Interesting links and Ed questions

A tip for find: you can use if inside val!

Remember that, in Scala, if is an expression. This means that you can use it in all contexts:

(if b1 then 1 else 2) + (if b2 then 10 else 20)

find.worksheet.sc

val result =
  if x == y then
    println("They are equal!")
    true
  else false
println(result)

find.worksheet.sc

How can the Scala compiler be written in Scala?

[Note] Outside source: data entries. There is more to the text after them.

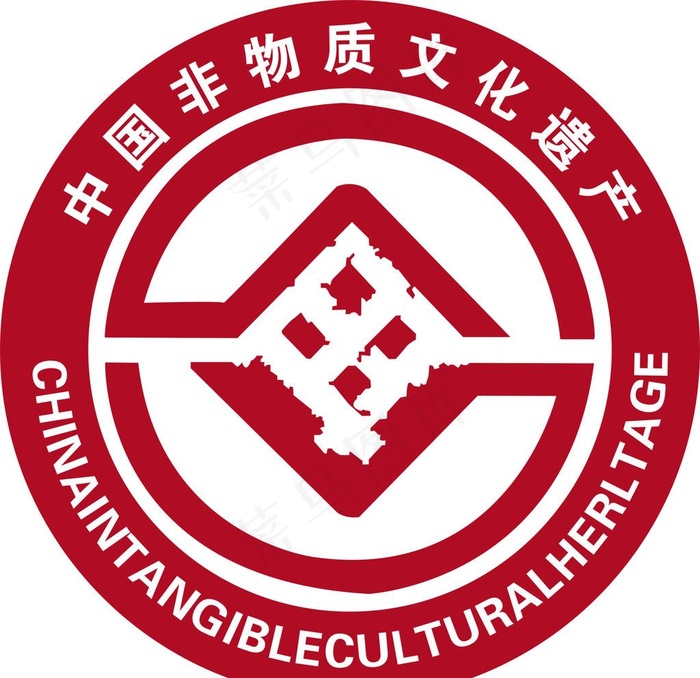 中国非物质文化遗产图片cdr矢量模版下载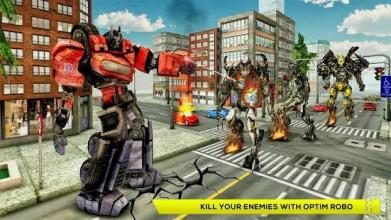 Futuristic Robot Transformation : Real Robot War截图3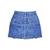 FALDA JEANS CON BOTONES - comprar online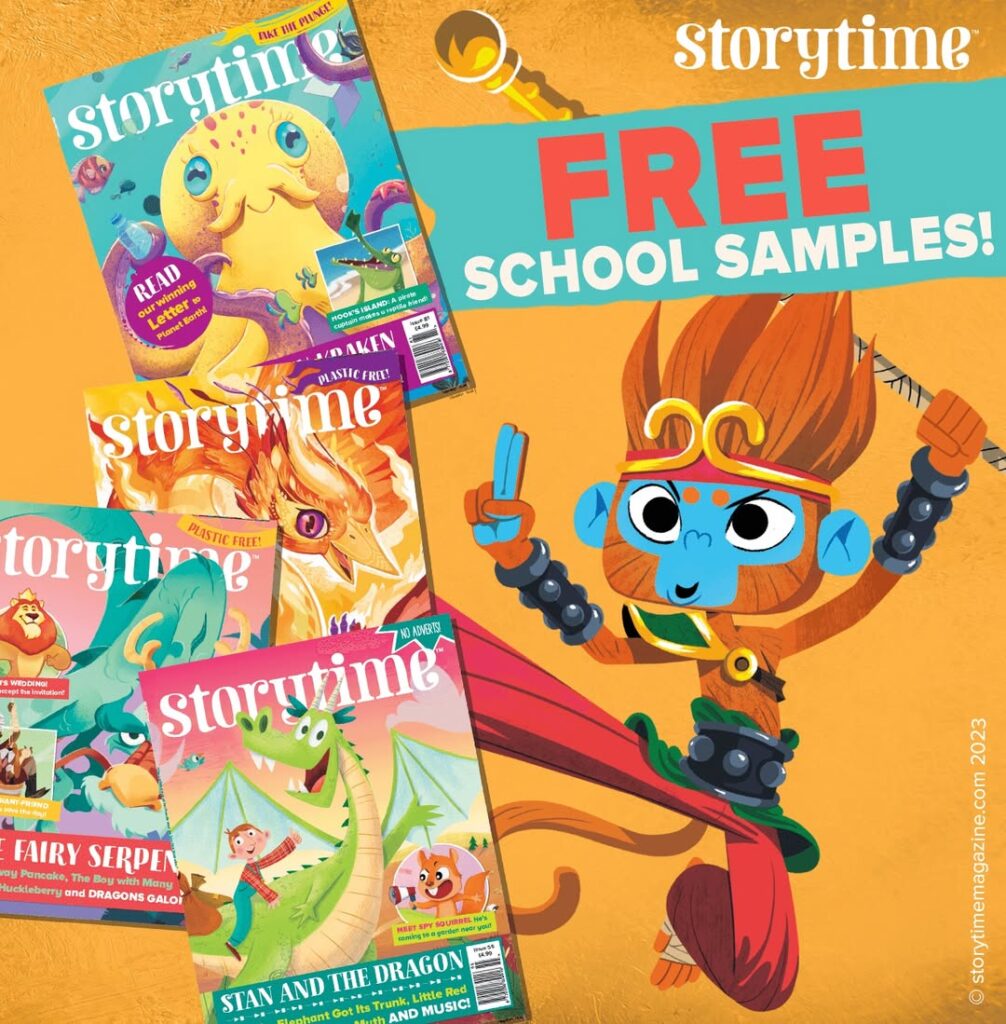 Storytme - Free School Samples Banner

We saw on Wednesday that the Scala compiler is written in Scala. How is that possible? It’s thanks to a process called “bootstrapping”. Take a minute to think about it before reading on!

Spoilers!

In short, to write a Scala compiler in Scala, we:

  1. First, we write a compiler for a very small subset of Scala (call it nanoScala), in another language (for example, Java or C).
  2. Then, we write a compiler for nanoScala in nanoScala itself. Using the compiler in the previous step, we can now compile this compiler. Additionally, we can now use this compiled compiler to compile itself. At this point, we can stop using Java or C — it’s all nanoScala.
  3. Then, we start adding features to our nanoScala. We modify the compiler nanoScala compiler to accept a larger language, let’s say µScala. Since this compiler is still written in nanoScala, we can use the binary from the previous step to compile it. At this point we have a compiler that can compile µScala, so we can start using µScala features in our compiler… which is now written in µScala.
  4. Rinse and repeat, until we have implemented all features of Scala!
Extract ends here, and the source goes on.